● **ACTION ITEM**
With the pictures left out, write out exactly the lines of the listing below that run from the line with "Strandzelt Lycra Sonnenschutz" through the line with "Light Wash Ripped".

● **STORED DATA**
=== Begin Enclosure ===
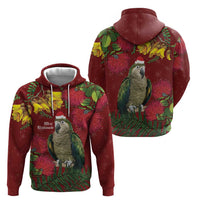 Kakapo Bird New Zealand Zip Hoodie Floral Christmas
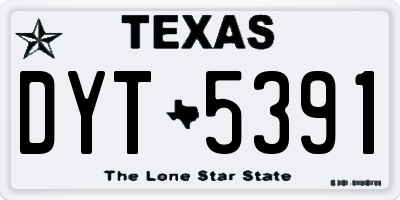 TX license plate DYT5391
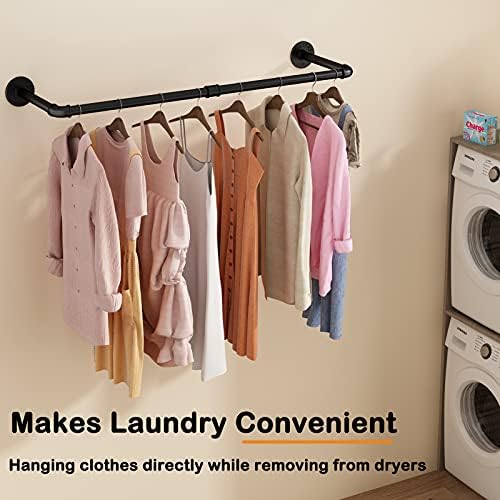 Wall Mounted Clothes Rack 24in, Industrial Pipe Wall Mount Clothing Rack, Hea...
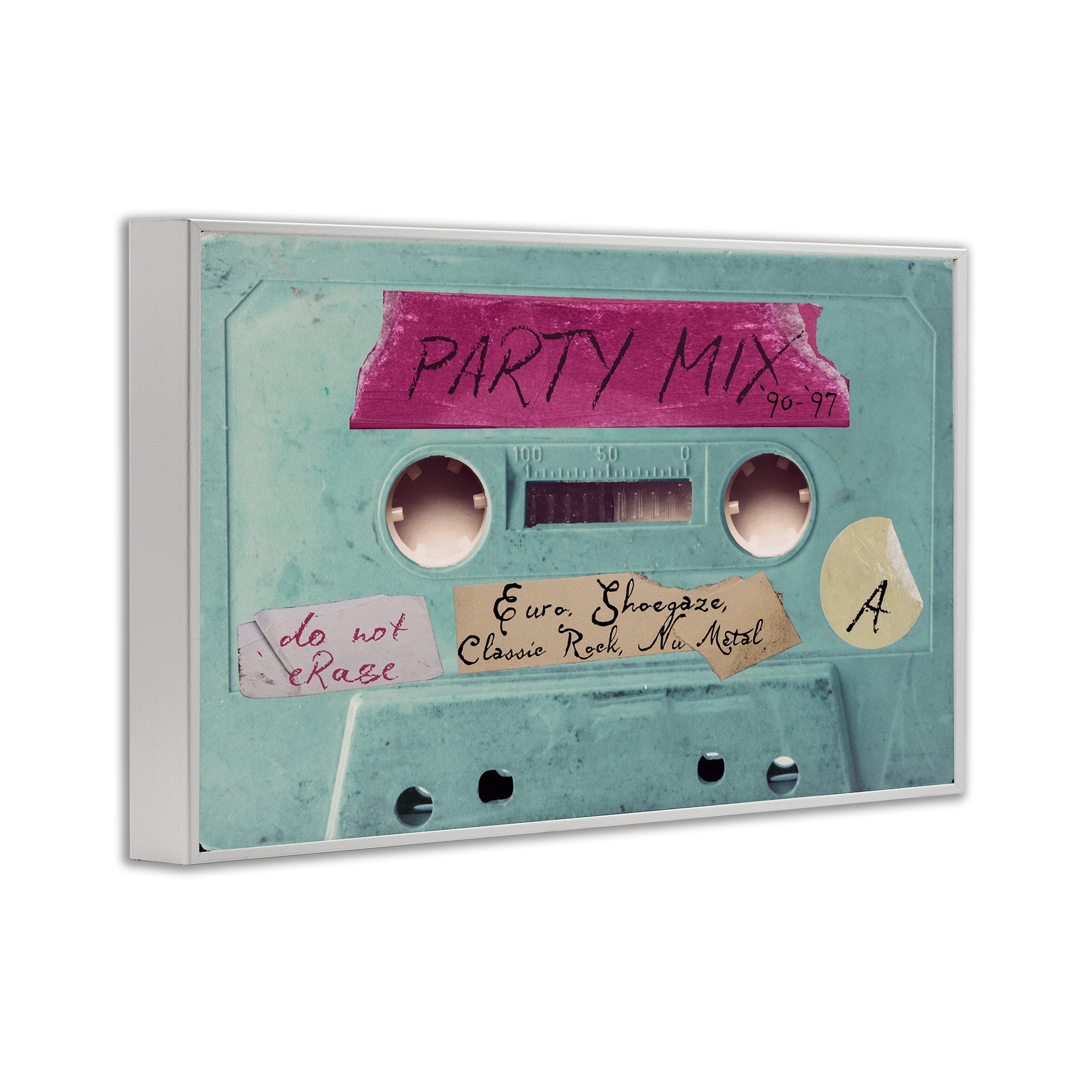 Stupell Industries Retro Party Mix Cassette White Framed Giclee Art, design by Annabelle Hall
=== End Enclosure ===
=== Begin Enclosure ===
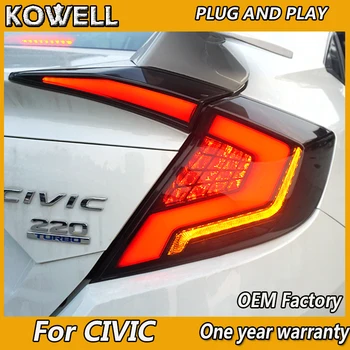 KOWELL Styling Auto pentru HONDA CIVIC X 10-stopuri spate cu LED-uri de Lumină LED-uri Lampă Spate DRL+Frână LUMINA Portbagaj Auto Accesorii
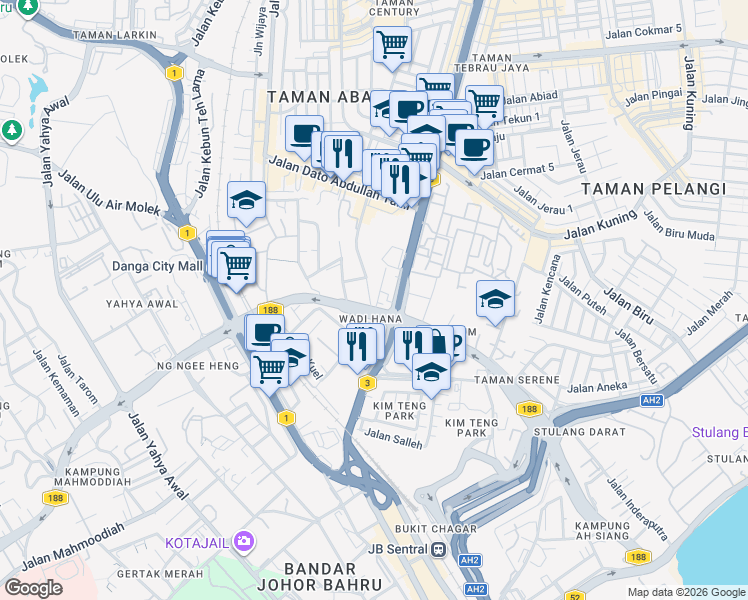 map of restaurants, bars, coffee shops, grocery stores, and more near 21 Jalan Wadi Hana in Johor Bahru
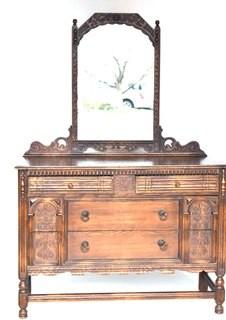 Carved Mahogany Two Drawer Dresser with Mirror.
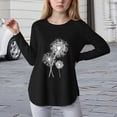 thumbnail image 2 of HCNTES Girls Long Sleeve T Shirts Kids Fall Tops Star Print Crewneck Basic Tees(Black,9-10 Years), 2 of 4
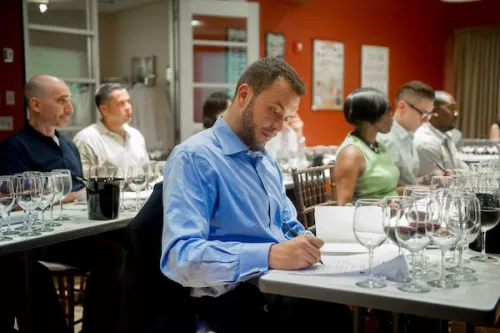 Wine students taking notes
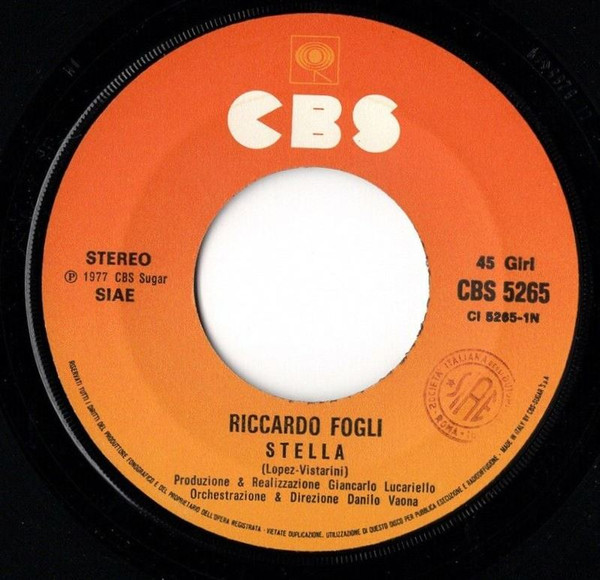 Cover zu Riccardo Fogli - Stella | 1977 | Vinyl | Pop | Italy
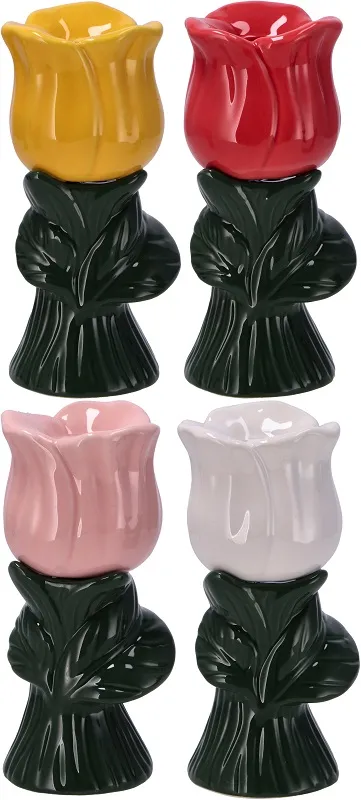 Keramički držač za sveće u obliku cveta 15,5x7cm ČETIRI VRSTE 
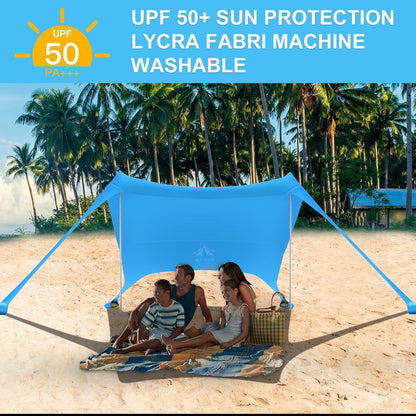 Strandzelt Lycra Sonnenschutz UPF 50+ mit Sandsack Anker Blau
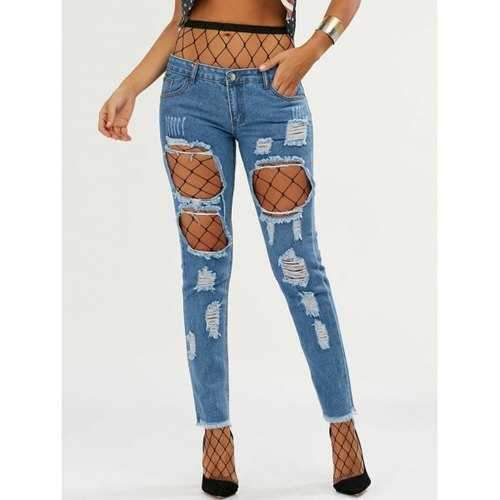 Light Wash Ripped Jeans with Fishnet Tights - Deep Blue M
=== End Enclosure ===
=== Begin Enclosure ===
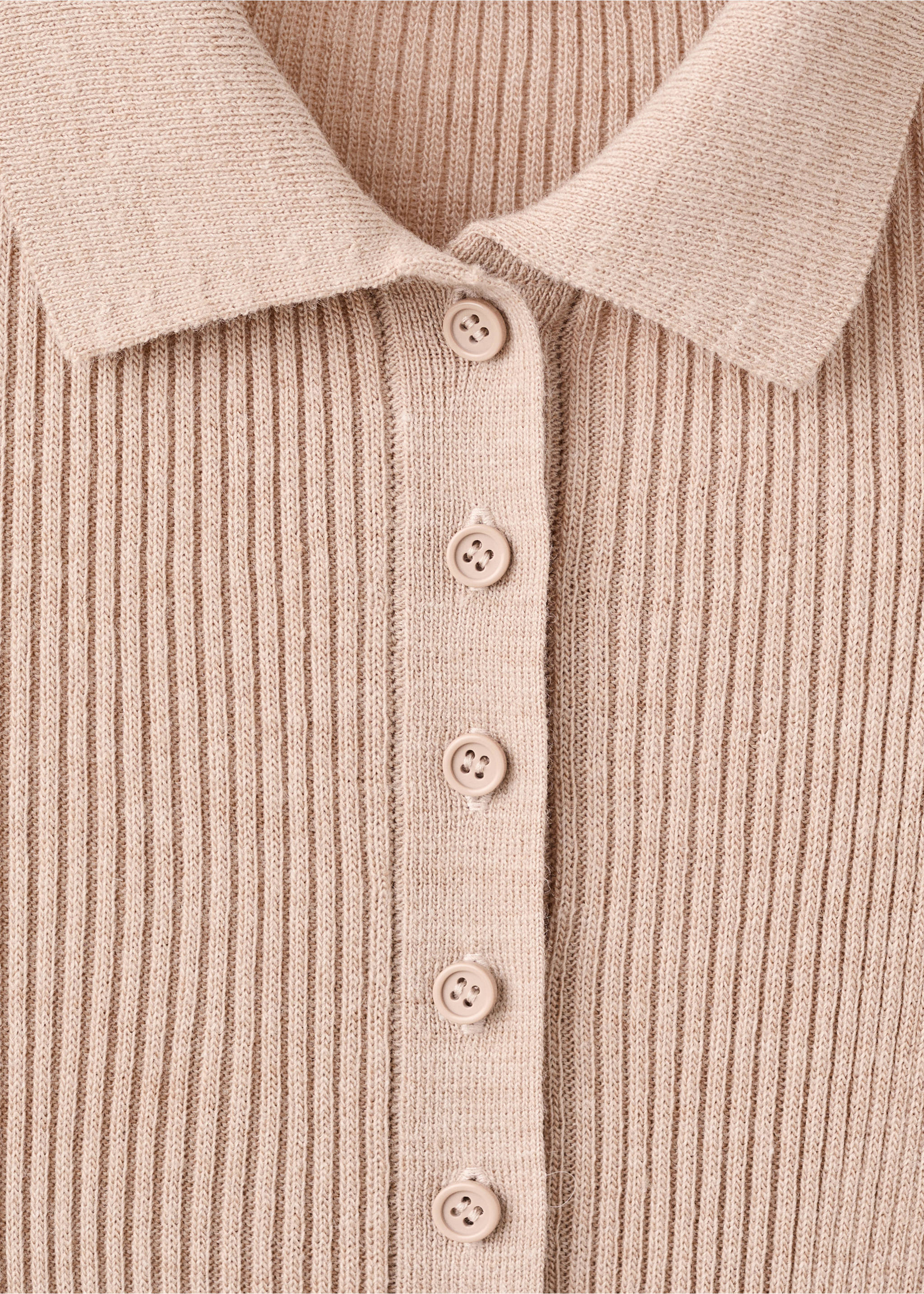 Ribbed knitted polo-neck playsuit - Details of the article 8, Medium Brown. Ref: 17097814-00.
=== End Enclosure ===
● **OUTPUT BELOW**
 Strandzelt Lycra Sonnenschutz UPF 50+ mit Sandsack Anker Blau
 Light Wash Ripped Jeans with Fishnet Tights - Deep Blue M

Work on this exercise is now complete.